# [Exercise input]
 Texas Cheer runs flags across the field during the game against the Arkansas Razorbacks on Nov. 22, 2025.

* * *

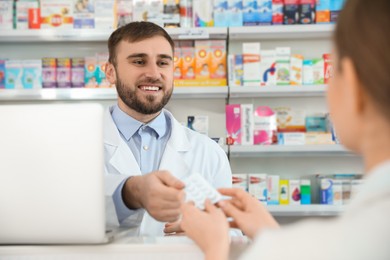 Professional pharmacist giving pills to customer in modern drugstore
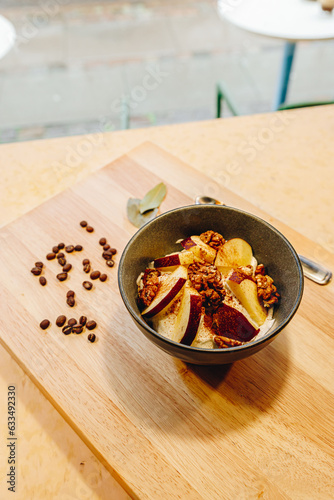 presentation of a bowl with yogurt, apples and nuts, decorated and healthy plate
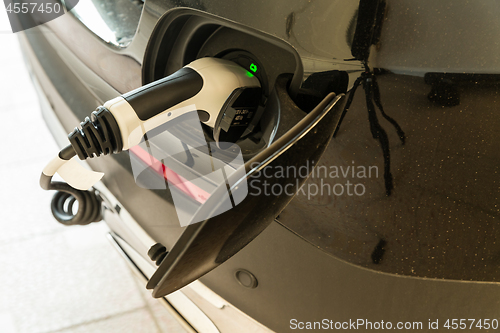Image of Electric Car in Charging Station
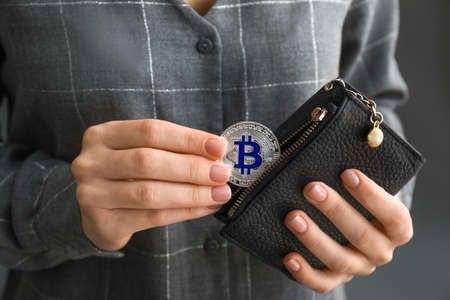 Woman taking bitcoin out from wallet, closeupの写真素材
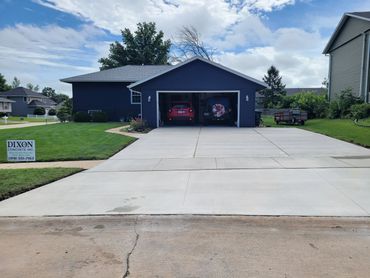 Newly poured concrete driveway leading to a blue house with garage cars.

...

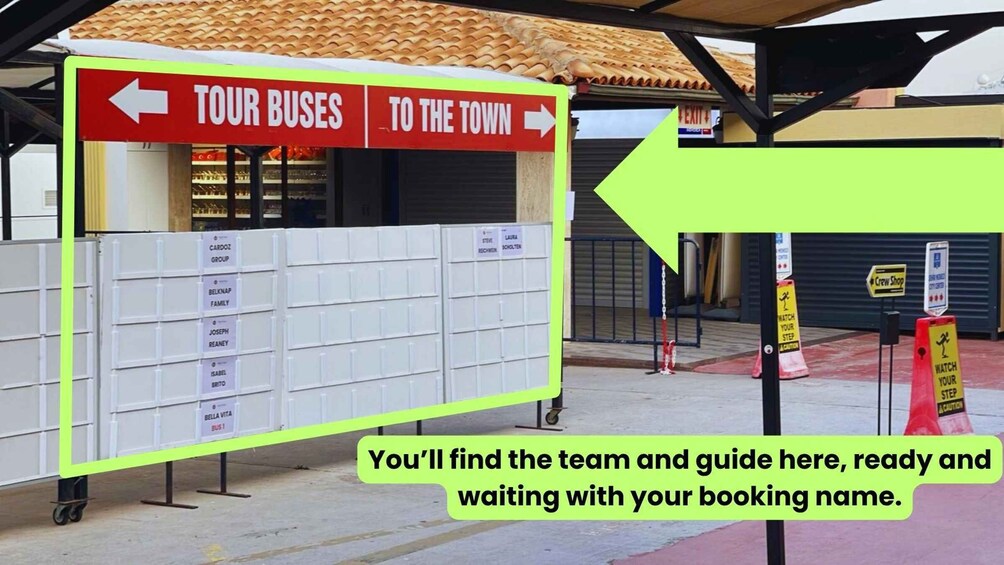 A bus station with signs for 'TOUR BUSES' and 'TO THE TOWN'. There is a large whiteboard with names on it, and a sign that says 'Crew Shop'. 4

# [To do]
From the data above, return only the lines starting at the line that holds "Woman taking bitcoin" and ending at the line that holds "Newly poured concrete", word for word and without pictures.

# [Answer below]
 Woman taking bitcoin out from wallet, closeupの写真素材
 Newly poured concrete driveway leading to a blue house with garage cars.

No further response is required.